Its always handy to have a basic temperature circuit to hand, this basic circuit is structured to be a building block for additional applications and we have at our disposal many spare pins on the 16f876 pic i have chosen here. And it was in my spares box so it was to hand.
So the basic circuit will use standard 5v rail, GND, etc. This circuit will develop as we go, capacitors will develop values, new components will appear, resistances may change, really its all about enjoying the design, and breaking it down to its bare bones, so lets walk before we run.
The temperature sensor delivers, at a steady temperature, a constant current that is proportionate to its temperature. If it is at 25degC, then the current flowing through the 10k resistor is 298uA. Remember, the sensor outputs 273uA at 0 degrees C, so the increase in 25degC= +25uA.
Therefore the voltage developed across the 10K resistor will be,
V=IxR, 298uA x 10,000 = 2.98 Volts.
This all looks too easy, just multiplying each increase in degC with 1uA gives us our perfect temperature transducer. That would be too easy!
The data sheet for the AD590 states that +4volts must remain across the device for it to behave properly, if we used a 10k resistor to sense the current would be dropping far too much volts across it to leave +4volts across the AD590 sensor.
So we move the sensor value down to an acceptable value, but what should it be?
The maximum working temperature of the sensor is 150degC, which would result in a current flowing through the 10K resistor of,
273uA (0 degreesC) + (150degC x 1uA) = 423uA
hence the voltage presented at the ADC input (AN0) will be,
10,000 x 423uA = 4.23 Volts
Way too high, as this would split the 5volt rail and leave only 0.76V across the AD590.
So if we used a 2K resistor, this would divide this maximum value by 5, so a resultant 0.846 Volts will develop across the 2K Resistor. This leaves 4.114V acrosss the AD590 ensuring it behaves within specifications stated on its datasheet.
This is the organic process that we call design, lets continue.
Now we have a 10 bit ADC that is expecting a value somewhere between 0 volts and +5 Volts , but our current design can never realise that, well, not without going seriously wrong!

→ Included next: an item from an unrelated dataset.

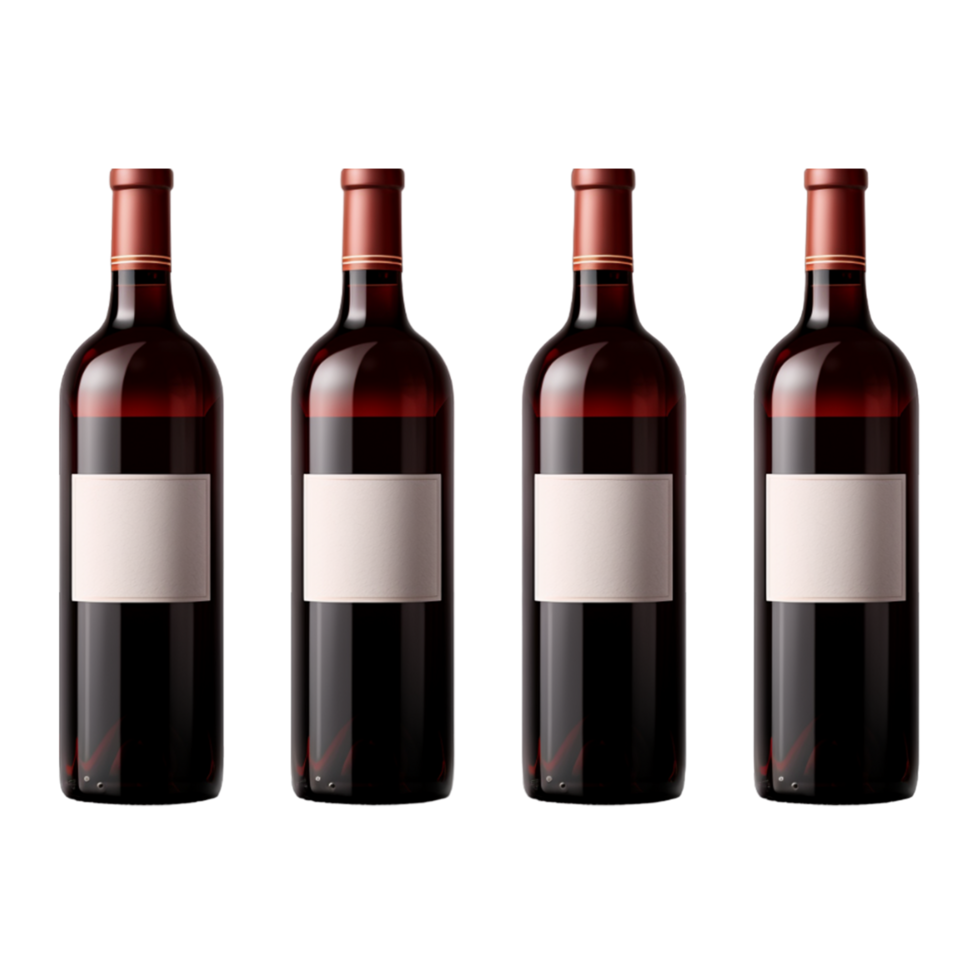 Set of Bordolese bottle of red wine Ai Generative png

A 10 bit ADC gives us 2^10 individual levels of resolution, 1,024 discrete values from min to max,
this is a resolution of (Vmax - Vmin) / 1,024 = (5v - 0v) / 1,024 = 4.88mV/bit
however this is wasted with our current design as we are limited to 150degC, which is a voltage of 0.846 volts presented at the input of the ADC.
If we input 0.846v in the ADC as it stands, the ADC result would be,
0.846 Volts / 4/88mv = 173 decimal
if we consider this as the effective reading at 150 degC then the effecitive resolution is no longer 1,024 for our purposes, its worse than an 8 bit adc, we are wasting bits!
What we need to do now is use the available hardware on the Pic to scale the ADC to our needs. We can use Pin 5, +Vref to apply a maximum value to our ADC. If we set the +Vref to 1volt, then our ADC would be better set to capture the levels and changes in our sensed voltage.
An easy way to do this is to split our voltage using a simple resistor divider.
if we wish to divide the 5v rail to 1v then we can assume that the inputs here will not load the divider greatly, we will use a 10K resistor as R1 in our divider circuit.
We also know Vin = 5Volts, and Vout = 1Volt,
We also know Vin = 5Volts, and Vout = 1Volt,
R2 = R1/((Vin/Vout)-1)
R2= 10k/((5v/1v)-1)
R2 = 10k/(4)
R2= 2.5k
So at this point we really should update our schematic to reflect our recent changes!